● **Task prompt**:
In the listing below, locate the line containing "Photo 32 of" and the line containing "MẶT NGÕ SÁT". Output both of them and every line between, exactly as written, and nothing more.

● **Supplied entries**:
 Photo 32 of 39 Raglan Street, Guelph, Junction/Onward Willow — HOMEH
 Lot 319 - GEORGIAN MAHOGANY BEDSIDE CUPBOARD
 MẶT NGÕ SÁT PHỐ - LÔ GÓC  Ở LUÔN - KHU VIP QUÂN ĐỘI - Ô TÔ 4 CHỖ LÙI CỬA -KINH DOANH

---

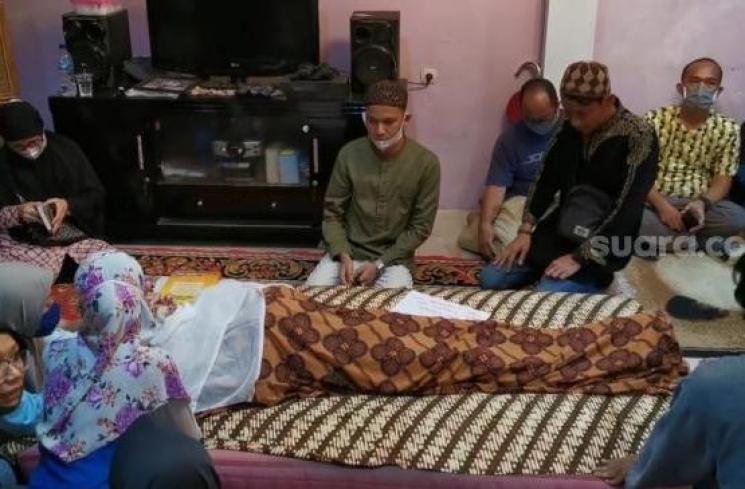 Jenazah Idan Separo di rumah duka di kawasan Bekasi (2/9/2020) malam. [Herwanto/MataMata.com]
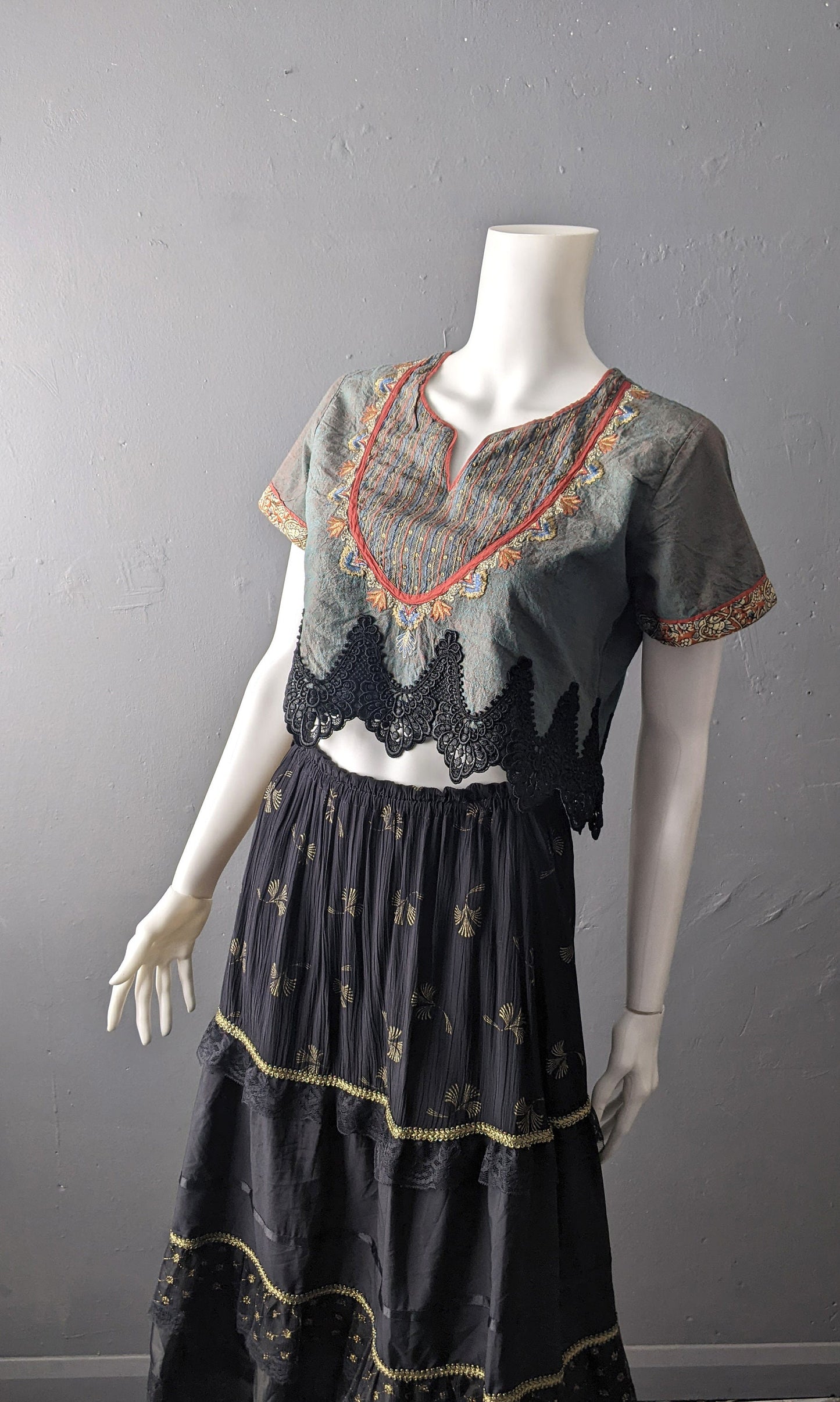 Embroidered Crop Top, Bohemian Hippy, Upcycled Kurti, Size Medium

* * *

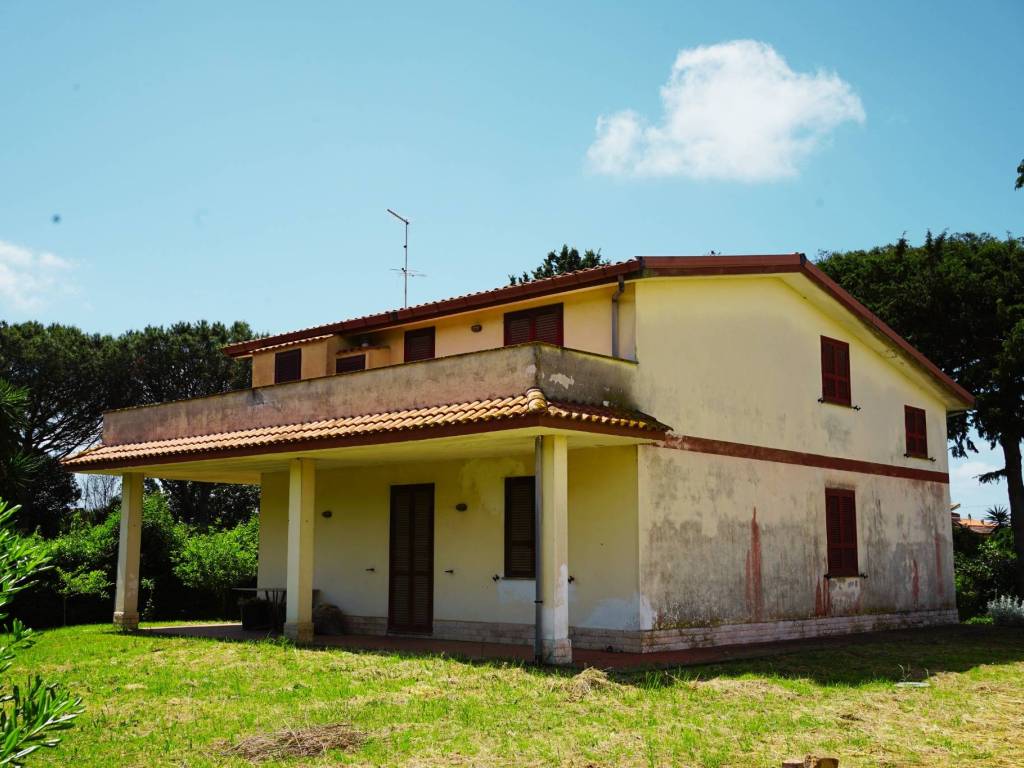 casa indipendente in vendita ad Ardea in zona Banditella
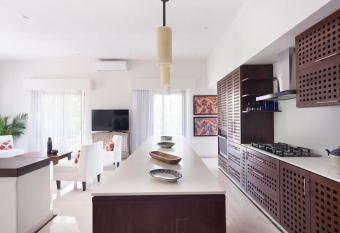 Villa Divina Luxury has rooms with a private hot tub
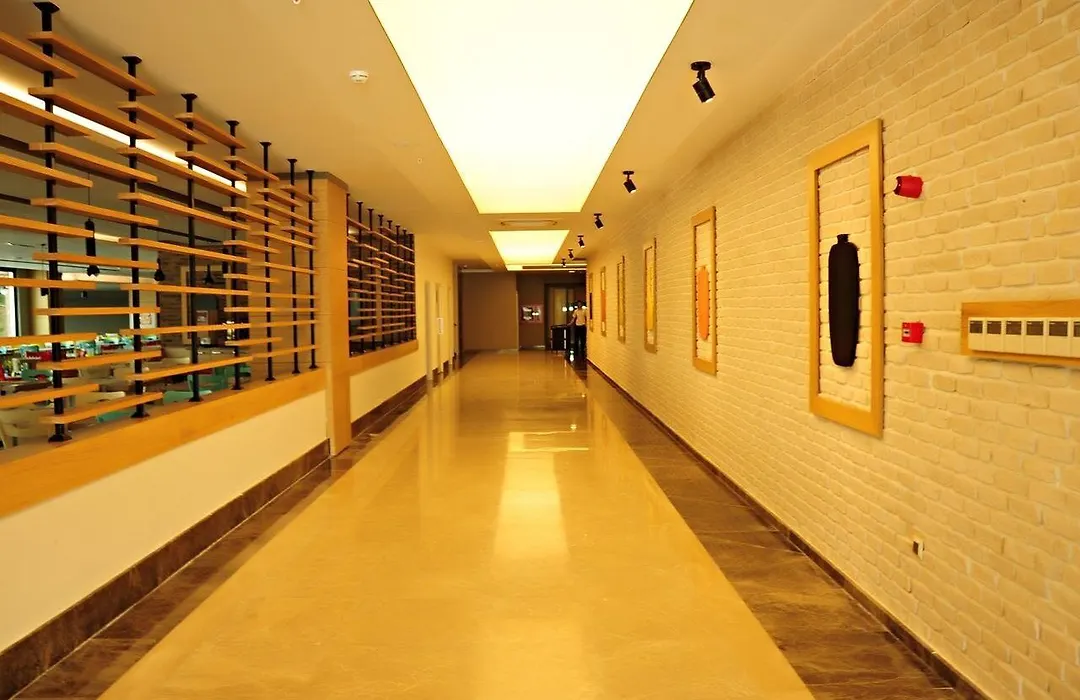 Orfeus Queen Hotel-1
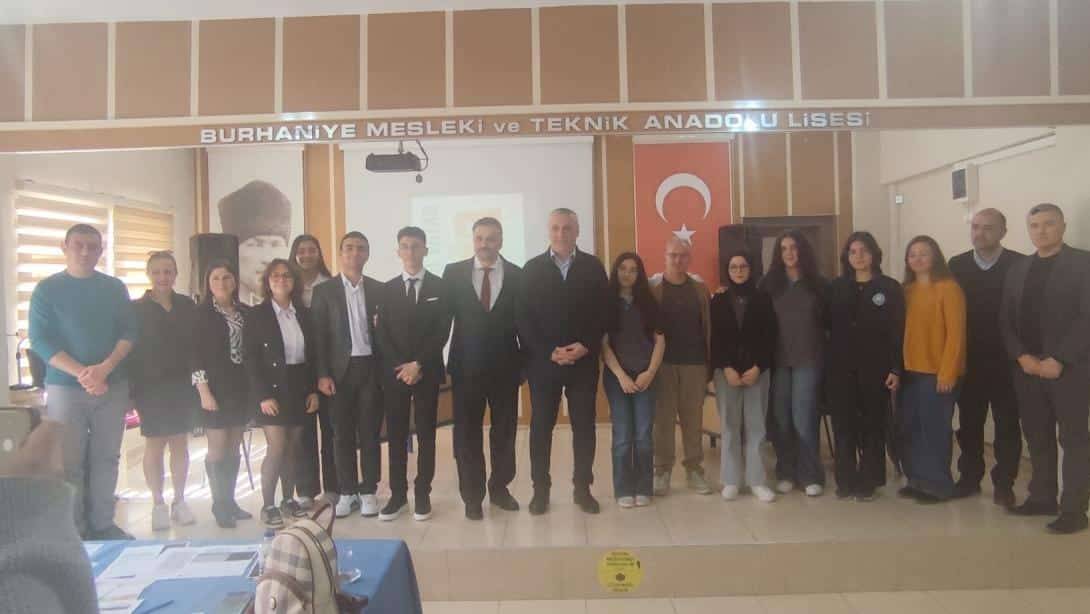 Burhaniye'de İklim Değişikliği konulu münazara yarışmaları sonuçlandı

● **Task answer**:
 Photo 32 of 39 Raglan Street, Guelph, Junction/Onward Willow — HOMEH
 Lot 319 - GEORGIAN MAHOGANY BEDSIDE CUPBOARD
 MẶT NGÕ SÁT PHỐ - LÔ GÓC  Ở LUÔN - KHU VIP QUÂN ĐỘI - Ô TÔ 4 CHỖ LÙI CỬA -KINH DOANH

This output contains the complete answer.